• **Dataset extract**:

▼

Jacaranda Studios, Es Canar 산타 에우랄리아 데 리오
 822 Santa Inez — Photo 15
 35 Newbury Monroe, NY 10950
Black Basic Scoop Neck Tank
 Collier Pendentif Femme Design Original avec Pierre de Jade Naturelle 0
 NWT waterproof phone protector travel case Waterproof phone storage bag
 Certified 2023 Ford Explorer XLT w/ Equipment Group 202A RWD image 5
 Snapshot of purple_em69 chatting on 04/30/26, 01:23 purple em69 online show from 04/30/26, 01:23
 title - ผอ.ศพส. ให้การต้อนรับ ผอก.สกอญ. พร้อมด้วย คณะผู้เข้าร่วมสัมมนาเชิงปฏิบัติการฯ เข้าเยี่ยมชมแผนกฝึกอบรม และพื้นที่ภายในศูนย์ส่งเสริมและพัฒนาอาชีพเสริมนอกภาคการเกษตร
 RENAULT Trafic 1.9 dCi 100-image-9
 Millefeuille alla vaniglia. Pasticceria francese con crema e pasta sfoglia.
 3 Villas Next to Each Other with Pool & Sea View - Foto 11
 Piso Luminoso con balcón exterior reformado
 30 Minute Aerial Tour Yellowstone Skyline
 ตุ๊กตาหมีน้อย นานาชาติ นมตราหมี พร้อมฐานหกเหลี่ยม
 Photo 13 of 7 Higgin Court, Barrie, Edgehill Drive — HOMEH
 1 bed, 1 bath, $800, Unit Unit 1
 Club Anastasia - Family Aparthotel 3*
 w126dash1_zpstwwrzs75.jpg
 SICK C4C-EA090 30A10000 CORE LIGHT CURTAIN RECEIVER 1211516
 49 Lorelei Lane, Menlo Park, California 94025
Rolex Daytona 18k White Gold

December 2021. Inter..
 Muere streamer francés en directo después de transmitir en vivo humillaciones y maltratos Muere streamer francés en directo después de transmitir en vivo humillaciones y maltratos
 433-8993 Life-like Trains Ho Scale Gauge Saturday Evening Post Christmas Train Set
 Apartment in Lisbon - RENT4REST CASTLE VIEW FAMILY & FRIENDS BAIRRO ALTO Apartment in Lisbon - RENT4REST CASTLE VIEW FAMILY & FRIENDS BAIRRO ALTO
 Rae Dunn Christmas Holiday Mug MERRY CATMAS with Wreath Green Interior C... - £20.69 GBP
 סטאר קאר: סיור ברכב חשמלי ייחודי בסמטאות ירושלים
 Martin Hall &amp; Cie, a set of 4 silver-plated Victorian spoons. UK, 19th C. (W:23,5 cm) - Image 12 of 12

▲

Using the material above, output each line exactly as it appears.

• **Result for this exercise**:
Jacaranda Studios, Es Canar 산타 에우랄리아 데 리오
 822 Santa Inez — Photo 15
 35 Newbury Monroe, NY 10950
Black Basic Scoop Neck Tank
 Collier Pendentif Femme Design Original avec Pierre de Jade Naturelle 0
 NWT waterproof phone protector travel case Waterproof phone storage bag
 Certified 2023 Ford Explorer XLT w/ Equipment Group 202A RWD image 5
 Snapshot of purple_em69 chatting on 04/30/26, 01:23 purple em69 online show from 04/30/26, 01:23
 title - ผอ.ศพส. ให้การต้อนรับ ผอก.สกอญ. พร้อมด้วย คณะผู้เข้าร่วมสัมมนาเชิงปฏิบัติการฯ เข้าเยี่ยมชมแผนกฝึกอบรม และพื้นที่ภายในศูนย์ส่งเสริมและพัฒนาอาชีพเสริมนอกภาคการเกษตร
 RENAULT Trafic 1.9 dCi 100-image-9
 Millefeuille alla vaniglia. Pasticceria francese con crema e pasta sfoglia.
 3 Villas Next to Each Other with Pool & Sea View - Foto 11
 Piso Luminoso con balcón exterior reformado
 30 Minute Aerial Tour Yellowstone Skyline
 ตุ๊กตาหมีน้อย นานาชาติ นมตราหมี พร้อมฐานหกเหลี่ยม
 Photo 13 of 7 Higgin Court, Barrie, Edgehill Drive — HOMEH
 1 bed, 1 bath, $800, Unit Unit 1
 Club Anastasia - Family Aparthotel 3*
 w126dash1_zpstwwrzs75.jpg
 SICK C4C-EA090 30A10000 CORE LIGHT CURTAIN RECEIVER 1211516
 49 Lorelei Lane, Menlo Park, California 94025
Rolex Daytona 18k White Gold

December 2021. Inter..
 Muere streamer francés en directo después de transmitir en vivo humillaciones y maltratos Muere streamer francés en directo después de transmitir en vivo humillaciones y maltratos
 433-8993 Life-like Trains Ho Scale Gauge Saturday Evening Post Christmas Train Set
 Apartment in Lisbon - RENT4REST CASTLE VIEW FAMILY & FRIENDS BAIRRO ALTO Apartment in Lisbon - RENT4REST CASTLE VIEW FAMILY & FRIENDS BAIRRO ALTO
 Rae Dunn Christmas Holiday Mug MERRY CATMAS with Wreath Green Interior C... - £20.69 GBP
 סטאר קאר: סיור ברכב חשמלי ייחודי בסמטאות ירושלים
 Martin Hall &amp; Cie, a set of 4 silver-plated Victorian spoons. UK, 19th C. (W:23,5 cm) - Image 12 of 12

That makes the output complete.